→ WORK TO BE COMPLETED: Omit the images and retype the records verbatim.

→ WORKING DATA:
----------------------------------------

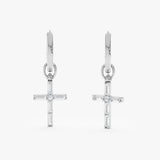 Baguette Diamond Cross Huggie Hoops, Yume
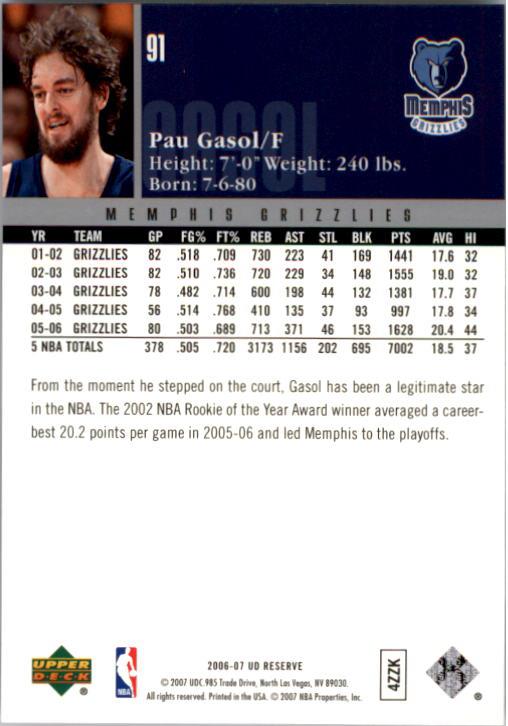 2006/2007 UD Reserve (Upper Deck) Basketball - Picture 73 of 131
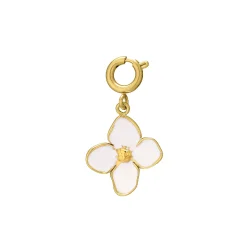 Luzaka Luzacharms<Charm Fleur blanche acier doré or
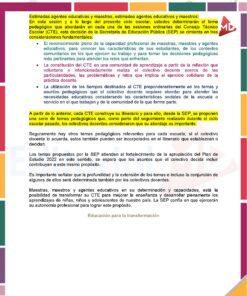 Un cartel informativo en español describe el enfoque educativo del Consejo Técnico Escolar (CTE), destacando la capacidad profesional de los profesores, la comprensión del contexto y los principios de toma de decisiones en colaboración.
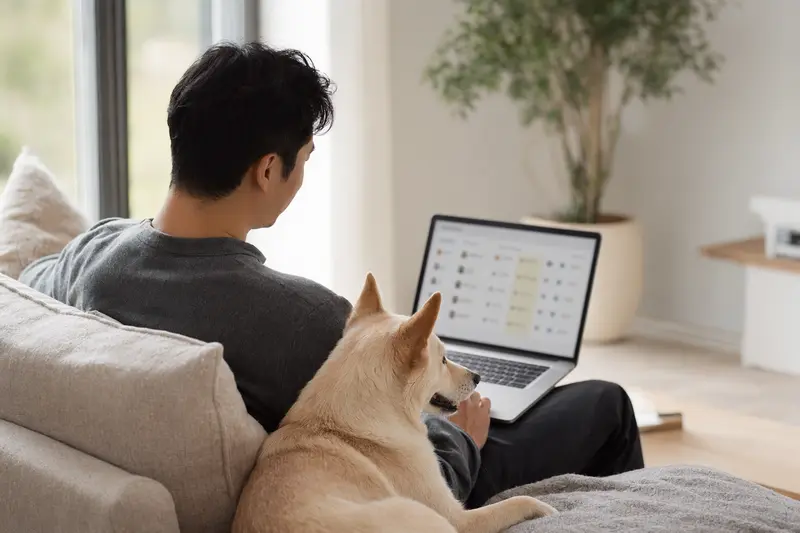 Ein Hundebesitzer arbeitet mit seinem Laptop auf dem Sofa, während ein Koreanischer Jindo Hund neben ihm sitzt und eine neutrale Versicherungsvergleichs-Seite angezeigt wird.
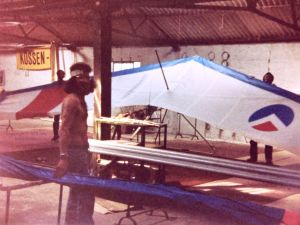 Mark Southall with a Moonraker 78 hang glider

----------------------------------------

→ EXERCISE SOLUTION:
 Baguette Diamond Cross Huggie Hoops, Yume
 2006/2007 UD Reserve (Upper Deck) Basketball - Picture 73 of 131
 Luzaka Luzacharms<Charm Fleur blanche acier doré or
 Un cartel informativo en español describe el enfoque educativo del Consejo Técnico Escolar (CTE), destacando la capacidad profesional de los profesores, la comprensión del contexto y los principios de toma de decisiones en colaboración.
 Ein Hundebesitzer arbeitet mit seinem Laptop auf dem Sofa, während ein Koreanischer Jindo Hund neben ihm sitzt und eine neutrale Versicherungsvergleichs-Seite angezeigt wird.
 Mark Southall with a Moonraker 78 hang glider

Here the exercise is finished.